Scotiabank estimates the fair value (FV) for CAD at 1.3890, a shift from the low 1.38s earlier in the week. Technically, USD appears bullish with recent chart patterns suggesting rising potential. A bull ‘hammer’ candle pattern is emerging on the weekly chart, complemented by a ‘morning star’ candle reversal on the daily chart. Intraday analysis indicates that USD breaking through the 1.4020/25 area may reach new short-term highs above 1.41.
Support Levels And FXStreet Insights
Support levels are identified at 1.3975 and 1.3890/00. This follows an inverse Head & Shoulders pattern aiming for a 1.4025 point, as previously noted. The FXStreet Insights Team curates market observations from experts, incorporating insights from both internal and external analysts.
The Canadian dollar looks soft, and we see this trend continuing into November. The main driver is the widening gap between US and Canadian interest rates, with the US 2-year yield now sitting over 50 basis points above its Canadian equivalent as of this week. This spread, confirmed by the latest central bank statements, makes holding US dollars more attractive than the loonie.
Recent data from earlier in October 2025 supports this bearish view on the CAD. The latest US jobs report showed resilient hiring, while Canada’s own employment figures unexpectedly softened, feeding speculation that the Bank of Canada may need to consider easing policy sooner than the Fed. Adding to this pressure, WTI crude oil prices have struggled to hold above $80 a barrel, weighing on the commodity-linked currency.

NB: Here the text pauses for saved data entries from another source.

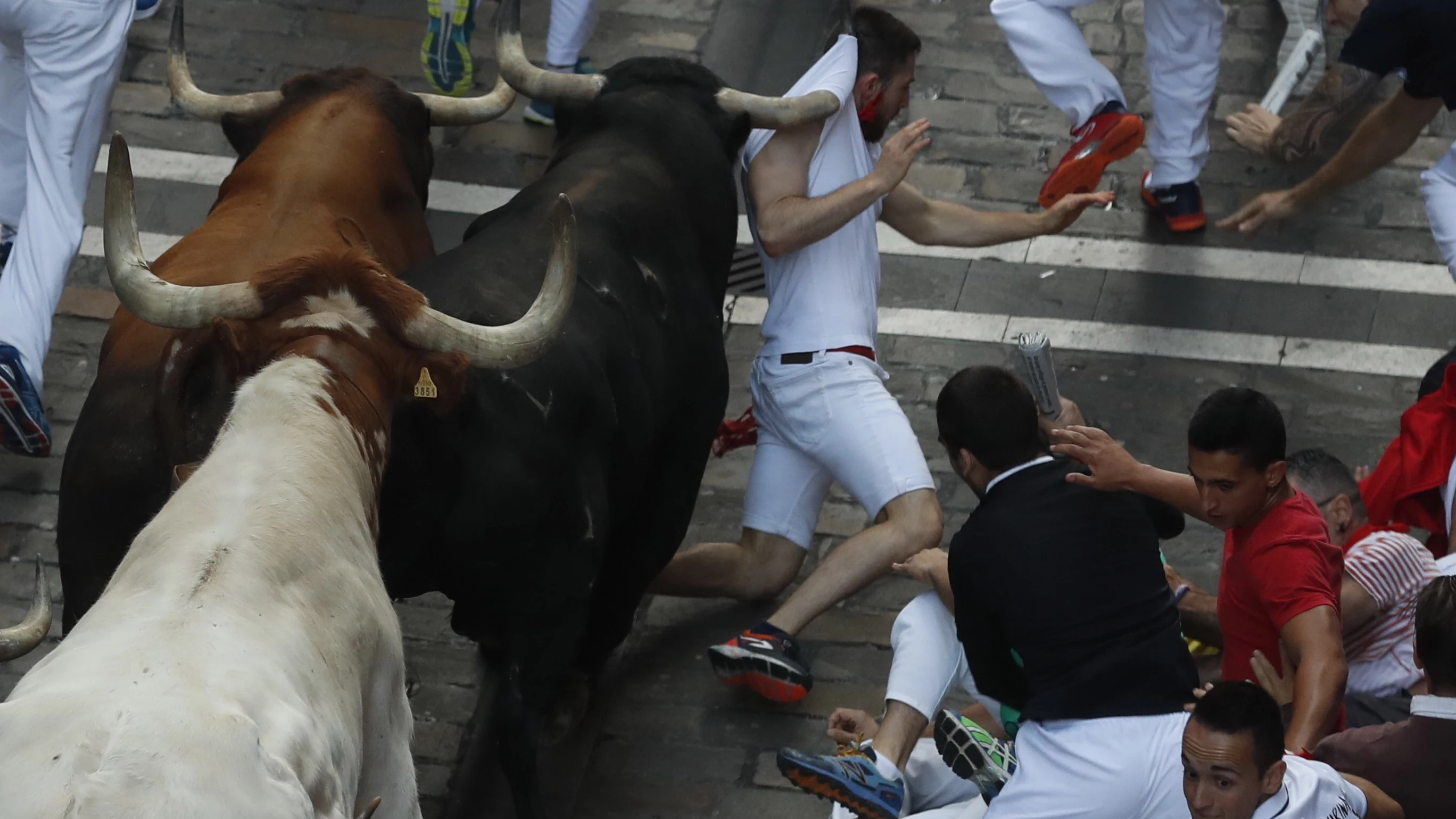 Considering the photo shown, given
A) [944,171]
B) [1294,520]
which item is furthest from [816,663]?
[944,171]

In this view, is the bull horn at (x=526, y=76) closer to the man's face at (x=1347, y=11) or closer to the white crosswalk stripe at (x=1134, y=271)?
the white crosswalk stripe at (x=1134, y=271)

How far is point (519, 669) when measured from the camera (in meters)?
4.92

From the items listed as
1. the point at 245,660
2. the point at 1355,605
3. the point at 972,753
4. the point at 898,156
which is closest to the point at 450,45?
the point at 898,156

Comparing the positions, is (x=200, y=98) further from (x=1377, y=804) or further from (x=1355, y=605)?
(x=1377, y=804)

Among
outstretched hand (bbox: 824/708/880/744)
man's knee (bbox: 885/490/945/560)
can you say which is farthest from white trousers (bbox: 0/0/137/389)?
outstretched hand (bbox: 824/708/880/744)

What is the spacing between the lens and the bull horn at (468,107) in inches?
244

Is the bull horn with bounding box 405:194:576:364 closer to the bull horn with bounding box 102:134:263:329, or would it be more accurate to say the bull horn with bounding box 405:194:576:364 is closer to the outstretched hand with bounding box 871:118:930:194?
the bull horn with bounding box 102:134:263:329

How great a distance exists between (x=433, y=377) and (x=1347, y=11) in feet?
16.0

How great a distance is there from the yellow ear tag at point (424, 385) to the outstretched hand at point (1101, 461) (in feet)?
5.54

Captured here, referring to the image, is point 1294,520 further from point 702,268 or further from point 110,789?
point 110,789

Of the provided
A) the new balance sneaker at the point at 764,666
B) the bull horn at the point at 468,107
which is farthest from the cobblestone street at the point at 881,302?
the bull horn at the point at 468,107

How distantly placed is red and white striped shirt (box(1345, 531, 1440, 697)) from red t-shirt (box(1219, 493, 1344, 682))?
1.49ft

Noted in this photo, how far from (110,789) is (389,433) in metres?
1.45

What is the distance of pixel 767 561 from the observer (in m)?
6.14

Trading Strategies And Market Dynamics
For those trading derivatives, buying call options on USD/CAD seems like a direct way to position for further Canadian dollar weakness. The technical analysis points to a potential move towards the 1.41 level if the pair can decisively break the 1.4025 resistance zone. This provides a clear target for strikes expiring in the next several weeks.

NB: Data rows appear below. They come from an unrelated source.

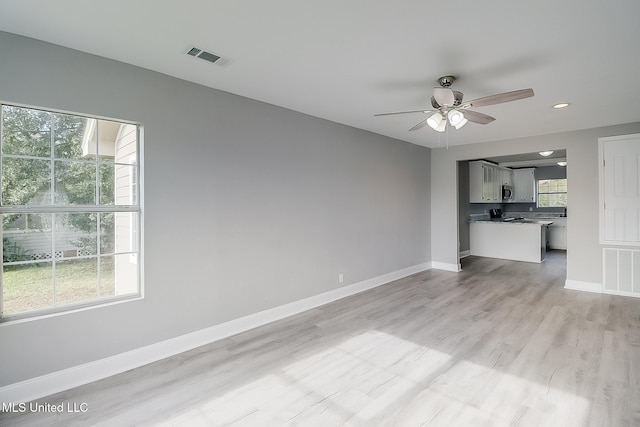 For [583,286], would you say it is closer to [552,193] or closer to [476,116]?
[476,116]

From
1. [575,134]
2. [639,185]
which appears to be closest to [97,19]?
[575,134]

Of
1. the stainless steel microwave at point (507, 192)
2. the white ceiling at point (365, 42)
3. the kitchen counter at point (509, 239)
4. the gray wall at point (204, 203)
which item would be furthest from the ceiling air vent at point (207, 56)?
the stainless steel microwave at point (507, 192)

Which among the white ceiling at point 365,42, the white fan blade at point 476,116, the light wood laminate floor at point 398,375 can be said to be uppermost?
the white ceiling at point 365,42

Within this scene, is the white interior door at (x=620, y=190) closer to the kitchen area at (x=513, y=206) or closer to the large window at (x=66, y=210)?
the kitchen area at (x=513, y=206)

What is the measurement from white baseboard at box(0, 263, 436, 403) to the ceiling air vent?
2506mm

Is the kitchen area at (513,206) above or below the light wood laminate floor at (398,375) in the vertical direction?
above

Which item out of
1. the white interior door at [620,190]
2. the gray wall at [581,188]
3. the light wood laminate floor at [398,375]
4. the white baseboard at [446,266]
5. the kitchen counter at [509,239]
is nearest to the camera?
the light wood laminate floor at [398,375]

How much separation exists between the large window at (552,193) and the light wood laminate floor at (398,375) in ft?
19.6

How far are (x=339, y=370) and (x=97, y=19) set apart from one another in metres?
3.11

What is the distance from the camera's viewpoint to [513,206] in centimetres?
970

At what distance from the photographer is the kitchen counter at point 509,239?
6914 mm

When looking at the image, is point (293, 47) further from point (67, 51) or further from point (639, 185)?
point (639, 185)

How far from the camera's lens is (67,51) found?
2.38m

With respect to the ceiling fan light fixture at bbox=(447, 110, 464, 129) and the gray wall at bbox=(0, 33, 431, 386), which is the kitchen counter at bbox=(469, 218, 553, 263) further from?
the ceiling fan light fixture at bbox=(447, 110, 464, 129)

Another approach would be to establish long positions in USD/CAD futures contracts. We are watching the 1.3975 level as a key area of intraday support, which could serve as a solid entry point for new positions. The underlying momentum strongly suggests that dips in the exchange rate will likely be bought.
This market dynamic is very similar to what we observed back in late 2023. During that time, the US Federal Reserve’s aggressive policy stance also outpaced the Bank of Canada, leading to a sustained rally in USD/CAD toward the 1.39 handle. That historical precedent shows how powerful these interest rate divergences can be.
The technical charts are reinforcing this fundamental outlook across multiple timeframes. A bullish ‘hammer’ candle is forming on the weekly chart, while the daily chart shows a solid reversal pattern from earlier this week. These signals suggest the recent strength in the US dollar has strong technical backing and is not just a temporary move.